Embrassez tous nos parents et saluez tous les camarades et les voisins. J’ai le ferme espoir de retourner et alors nous pourrons faire la fête.

Courage tous !! Si vous recevez la nouvelle de ma mort, plantez une croix à côté de la tombe de Jjules Mondoloni. Si je ne reviens pas, sachez que ma dernière pensée aura été pour vous et pour la cause. je vous embrasse de tout mon cœur. Votre fils qui pensera toujours à vous.

Charlot Bonafedi a rejoint les patriotes de Tito en Yougoslavie, Il est mort au combat à Prinsko, le 2 mars 1945. Au cimetière de Petreto-Bicchisano, une petite croix est plantée, près de la tombe de Jules Mondoloni.

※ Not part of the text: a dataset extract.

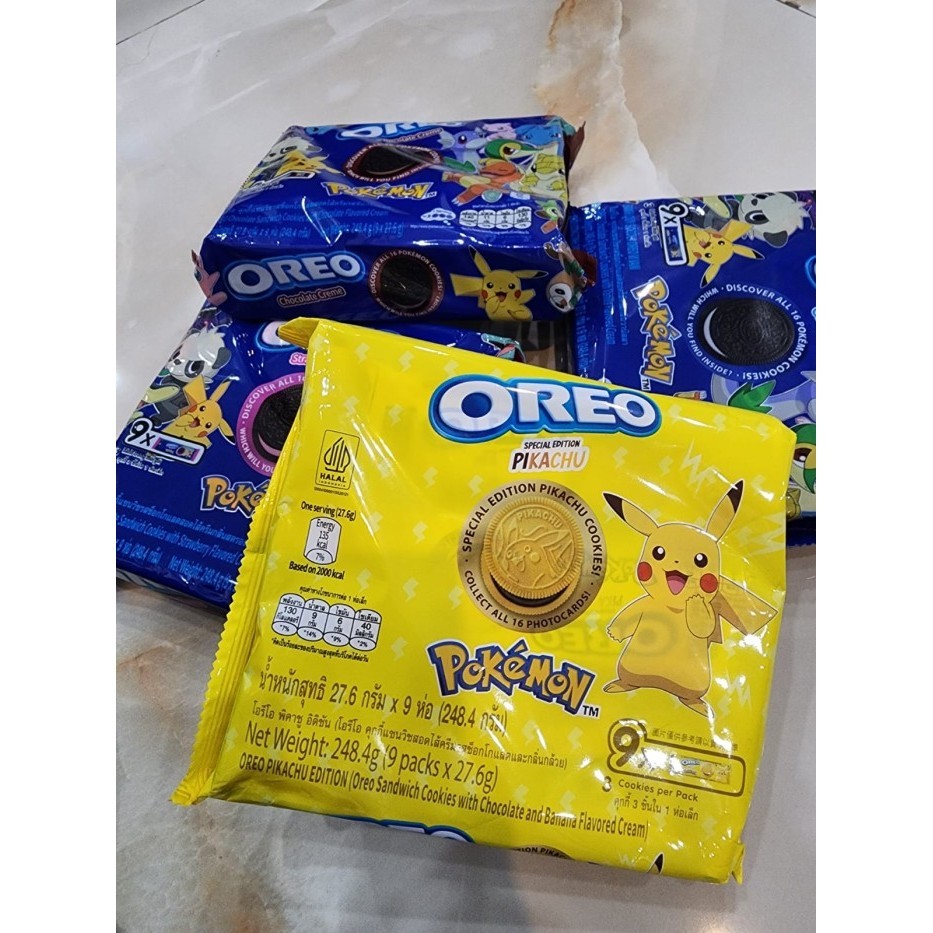 

Oreo Pokemon Sandwich Cookie Multipack - Choco Banana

Que l'herbe jamais ne l’étouffe !!

Le choeur : Il est mort pour notre liberté ! Ne l'oublions pas !
 

IV. Lucie secondi et Angeo Giovanelli avancent de 3 pas

Lucie : Ami si tu tombes un ami sort de l'ombre à ta place.

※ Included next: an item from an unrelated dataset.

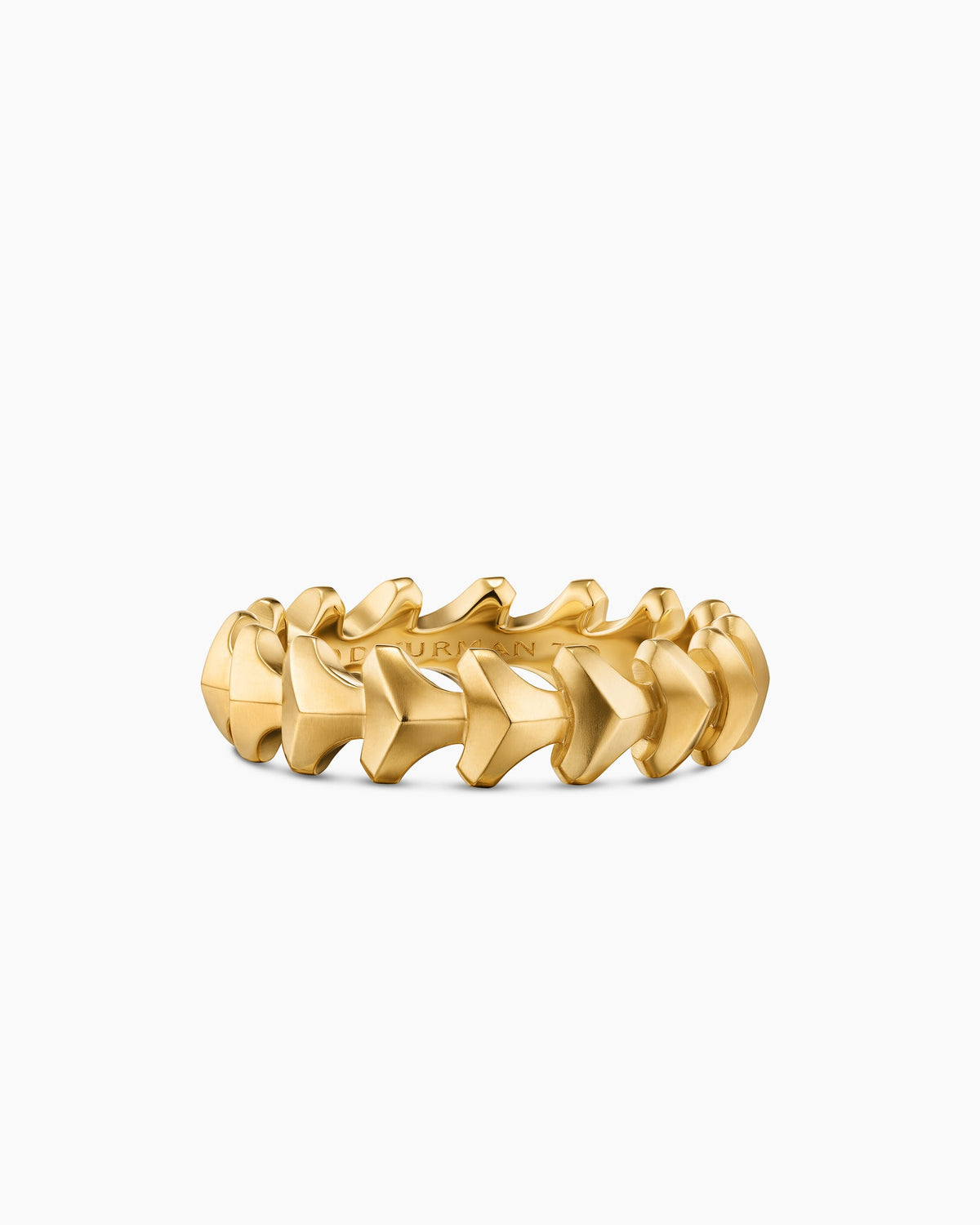 Armory® Band Ring in 18K Yellow Gold, 6.2mm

Angeo : Le chant des partisans d'Antoine Ciosi

Angeo Giovanelli : La résistance au fascisme, écrit de prison. par Pierre-Jean Milanini

Le choeur : Il s'est battu pour notre liberté ! Ne l'oublions pas !

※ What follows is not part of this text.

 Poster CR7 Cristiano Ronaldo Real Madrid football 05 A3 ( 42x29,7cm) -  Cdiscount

V. Florent Nesa et Margot Amzallag avancent de trois pas
 

Florent : « On n'agirait jamais si, pour agir, on attendait d'avoir toutes les chances pour soi » Napoléon.

Margot : “De 1939 à 1943, au maquis, il n’est pas un seul lieu où les corses n’aient été présents au combat. La Corse fut le premier département français libéré. Il ne faut pas l'oublier !! (…) Parce que nous le devons à la mémoire de ces hommes et de ces femmes qui ne furent à aucun moment avares de leurs efforts, de leur pensée et de leur sang … » Site Curagio

Florent : « Intrépide et sobre, capable de flambées d'héroïsme comme de stoïcisme dans les plus dures épreuves, d'initiatives audacieuses comme de stricte discipline le patriote corse a permis la victoire du maquis sur la Panzer ». Maurice Choury “Tous bandits d'honneur”

 

VI. - Florent Nesa et Lucie secondi avancent de trois pas

Florent : « Jamais les Romains n'achetaient d'esclaves corses. Ils savaient qu'on n'en pouvait rien tirer, car il était impossible de les plier à la servitude ».Napoléon

Lucie : Danielle Casanova est arrêtée le 15 février 1942 par la police française. Elle parvient à faire sortir quelques lettres pour sa mère, du dépôt de la préfecture de police , puis du Fort de Romainville.

 

Léa Secondi, Jeanne Pagnini, Marie Monteuuis et Margot Amzallag avancent de trois pas :

Marie : Comme toujours, ma santé et mon moral sont excellents. Mon courage et ma confiance sont très grands. Et toi, maman chérie, je pense que tu apprendras la nouvelle comme une mère vaillante et que tu ne te feras pas trop de soucis pour moi. Si je n’ai plus au-dessus de ma tête le soleil radieux de Corse, ni celui de l’Ile-de-France, j’ai du soleil plein le cœur ; je suis calme et solide.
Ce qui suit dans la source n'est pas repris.